Version: 2.25

DocumentJoiner

Use this component in hybrid retrieval pipelines or indexing pipelines with multiple file converters to join lists of documents.


Most common position in a pipeline	In indexing and query pipelines, after components that return a list of documents such as multiple Retrievers or multiple Converters
Mandatory run variables	`documents`: A list of documents. This input is `variadic`, meaning you can connect a variable number of components to it.
Output variables	`documents`: A list of documents
API reference	Joiners
GitHub link	https://github.com/deepset-ai/haystack/blob/main/haystack/components/joiners/document_joiner.py

Overview

DocumentJoiner joins input lists of documents from multiple connections and outputs them as one list. You can choose how you want the lists to be joined by specifying the join_mode. There are three options available:

concatenate - Combines document from multiple components, discarding any duplicates. documents get their scores from the last component in the pipeline that assigns scores. This mode doesn’t influence document scores.
merge - Merges the scores of duplicate documents coming from multiple components. You can also assign a weight to the scores to influence how they’re merged and set the top_k limit to specify how many documents you want DocumentJoiner to return.
reciprocal_rank_fusion- Combines documents into a single list based on their ranking received from multiple components. It then calculates a new score based on the ranks of documents in the input lists. If the same Document appears in more than one list (was returned by multiple components), it gets a higher score.
distribution_based_rank_fusion – Combines rankings from multiple sources into a single, unified ranking. It analyzes how scores are spread out and normalizes them, ensuring that each component's scoring method is taken into account. This normalization helps to balance the influence of each component, resulting in a more robust and fair combined ranking. If a document appears in multiple lists, its final score is adjusted based on the distribution of scores from all lists.

Usage

On its own

Below is an example where we are using the DocumentJoiner to merge two lists of documents. We run the DocumentJoiner and provide the documents. It returns a list of documents ranked by combined scores. By default, equal weight is given to each Retriever score. You could also use custom weights by setting the weights parameter to a list of floats with one weight per input component.

python

from haystack import Document
from haystack.components.joiners.document_joiner import DocumentJoiner

docs_1 = [
    Document(content="Paris is the capital of France.", score=0.5),
    Document(content="Berlin is the capital of Germany.", score=0.4),
]
docs_2 = [
    Document(content="Paris is the capital of France.", score=0.6),
    Document(content="Rome is the capital of Italy.", score=0.5),
]

joiner = DocumentJoiner(join_mode="merge")
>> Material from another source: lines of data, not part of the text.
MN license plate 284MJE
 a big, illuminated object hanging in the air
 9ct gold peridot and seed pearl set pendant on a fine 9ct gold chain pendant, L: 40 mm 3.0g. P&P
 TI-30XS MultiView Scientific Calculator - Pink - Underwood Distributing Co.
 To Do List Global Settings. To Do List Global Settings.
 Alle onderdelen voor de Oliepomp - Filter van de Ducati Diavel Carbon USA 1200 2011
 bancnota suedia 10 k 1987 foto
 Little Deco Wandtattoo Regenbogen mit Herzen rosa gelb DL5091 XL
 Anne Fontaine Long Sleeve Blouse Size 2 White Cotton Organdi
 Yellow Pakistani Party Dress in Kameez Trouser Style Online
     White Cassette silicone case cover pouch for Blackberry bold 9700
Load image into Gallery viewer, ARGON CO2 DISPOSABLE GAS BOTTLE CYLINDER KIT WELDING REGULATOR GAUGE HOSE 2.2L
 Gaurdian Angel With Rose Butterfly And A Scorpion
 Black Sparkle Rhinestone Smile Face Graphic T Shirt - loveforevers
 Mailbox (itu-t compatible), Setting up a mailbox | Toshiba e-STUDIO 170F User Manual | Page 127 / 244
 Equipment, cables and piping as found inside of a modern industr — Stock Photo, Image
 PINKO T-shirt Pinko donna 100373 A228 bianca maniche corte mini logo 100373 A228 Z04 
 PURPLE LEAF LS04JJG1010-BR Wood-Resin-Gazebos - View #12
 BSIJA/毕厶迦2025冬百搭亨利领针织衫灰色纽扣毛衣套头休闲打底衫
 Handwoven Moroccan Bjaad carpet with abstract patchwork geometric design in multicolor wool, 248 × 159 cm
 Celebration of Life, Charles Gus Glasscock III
joiner.run(documents=[docs_1, docs_2])

## {'documents': [Document(id=0f5beda04153dbfc462c8b31f8536749e43654709ecf0cfe22c6d009c9912214, content: 'Paris is the capital of France.', score: 0.55), Document(id=424beed8b549a359239ab000f33ca3b1ddb0f30a988bbef2a46597b9c27e42f2, content: 'Rome is the capital of Italy.', score: 0.25), Document(id=312b465e77e25c11512ee76ae699ce2eb201f34c8c51384003bb367e24fb6cf8, content: 'Berlin is the capital of Germany.', score: 0.2)]}

In a pipeline

Hybrid Retrieval

Below is an example of a hybrid retrieval pipeline that retrieves documents from an InMemoryDocumentStore based on keyword search (using InMemoryBM25Retriever) and embedding search (using InMemoryEmbeddingRetriever). It then uses the DocumentJoiner with its default join mode to concatenate the retrieved documents into one list. The Document Store must contain documents with embeddings, otherwise the InMemoryEmbeddingRetriever will not return any documents.

python

from haystack.components.joiners.document_joiner import DocumentJoiner
from haystack import Pipeline
from haystack.document_stores.in_memory import InMemoryDocumentStore
from haystack.components.retrievers.in_memory import (
    InMemoryBM25Retriever,
    InMemoryEmbeddingRetriever,
)
from haystack.components.embedders import SentenceTransformersTextEmbedder

document_store = InMemoryDocumentStore()
p = Pipeline()
p.add_component(
    instance=InMemoryBM25Retriever(document_store=document_store),
    name="bm25_retriever",
)
p.add_component(
    instance=SentenceTransformersTextEmbedder(
        model="sentence-transformers/all-MiniLM-L6-v2",
    ),
    name="text_embedder",
)
p.add_component(
    instance=InMemoryEmbeddingRetriever(document_store=document_store),
    name="embedding_retriever",
)
p.add_component(instance=DocumentJoiner(), name="joiner")
p.connect("bm25_retriever", "joiner")
p.connect("embedding_retriever", "joiner")
p.connect("text_embedder", "embedding_retriever")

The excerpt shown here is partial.